You're right, just wanted to revert my question because when you think 1 second about it the answer is obvious.
So to be a little bit more constructive I want to stress that maybe you are looking for the Nash-equilibrium from the wrong side. I would conjecture that there will be none if you assume that 3 players play the same strategy and 1 player plays another, because you can always tune the 1 player to counter what the others do. So if they go heavy witch, play for defense, where you are less effected by the curses then them. Additionally, the moats draw the same number of cards as the witches and are less expensive. So you should be on advantage.
On the other hand, if 3 players go for defense you can easily beat them by just not attacking.
But there might be a Nash-equilibrium in the regime where each 2 players play the same strategy. Because if 2 attack and 2 defense, if you join the attackers as defender you might end up in a worse position, and if you switch from attack to defense there is not enough attack left that defense is usefull.
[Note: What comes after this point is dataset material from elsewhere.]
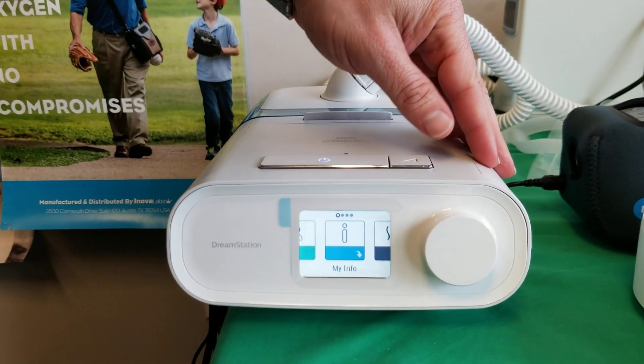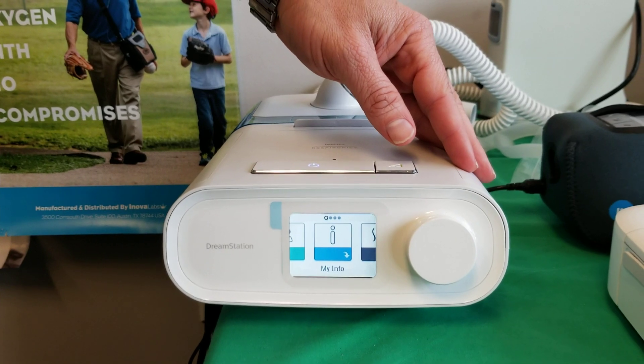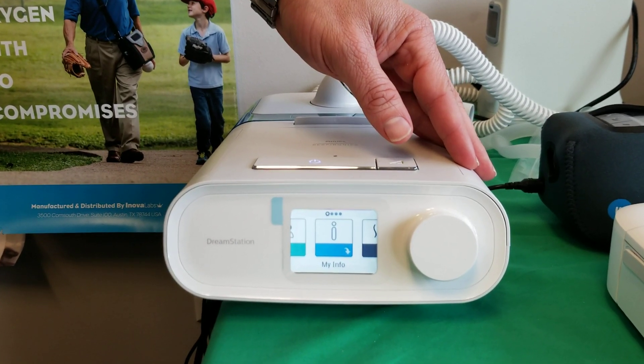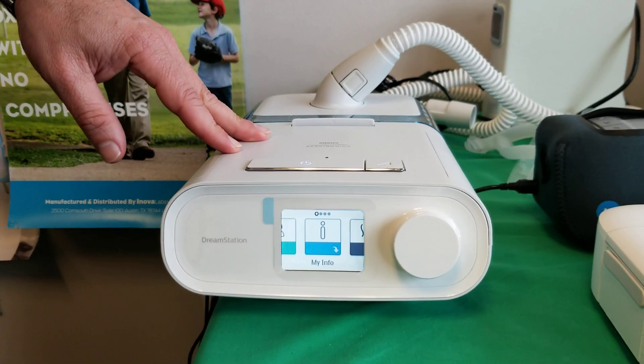It's Mike, Medical Equipment Specialist. We're going to go over the flex setting today on the DreamStation. Flex basically means when you exhale against the pressure, it makes the flow drop a little bit and make it easier to breathe against the machine. Considered a comfort setting in the DreamStation model.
But of course this is all not really one-dimensional nor linear, but at least there is more freedom with this approach than fixing the 3 vs 1.
Edit2:
For example. if you let P1 and P2 play your Moat/Moat/Witch/Witch, and P3,P4 play 4xMoat, the winchances are 26:26:22:22. If you switch one of them to {M/M/W/W,BM,4xM}, his winchance will drop.
Edit3:
3xMoat seems to behave slightly better than 4xMoat, but the effect seems to be stable. Interestingly, when you go down to 2 Moats, it is no equilibrium anymor because joining the attacking team will improve one of the defenders. But luckily, the 2xMoat is also worse than 3x Moat when played against 2xMMWW+3M, so that does not contradict the equilibrium.